▶ [Given information]:
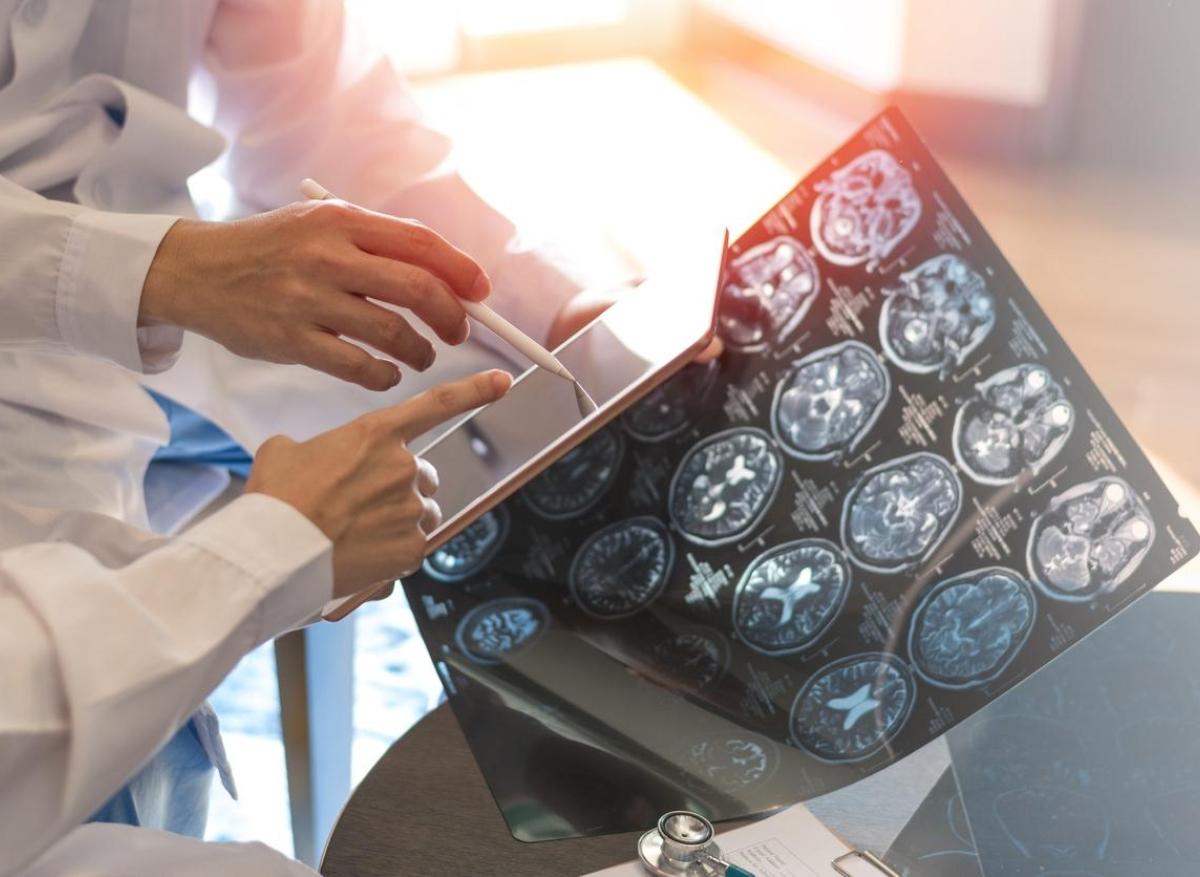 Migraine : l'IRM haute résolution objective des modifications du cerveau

...

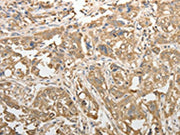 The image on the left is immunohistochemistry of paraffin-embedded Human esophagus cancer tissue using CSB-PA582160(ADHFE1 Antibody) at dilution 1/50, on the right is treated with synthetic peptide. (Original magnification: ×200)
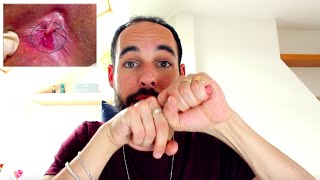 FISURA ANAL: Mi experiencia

▶ [Try it]: Within the listing above, the stretch from the line with "The image on" down to the line with "FISURA ANAL: Mi experiencia" is to be given again exactly, end lines included and pictures excluded.

▶ [Answer to this exercise]:
 The image on the left is immunohistochemistry of paraffin-embedded Human esophagus cancer tissue using CSB-PA582160(ADHFE1 Antibody) at dilution 1/50, on the right is treated with synthetic peptide. (Original magnification: ×200)
 FISURA ANAL: Mi experiencia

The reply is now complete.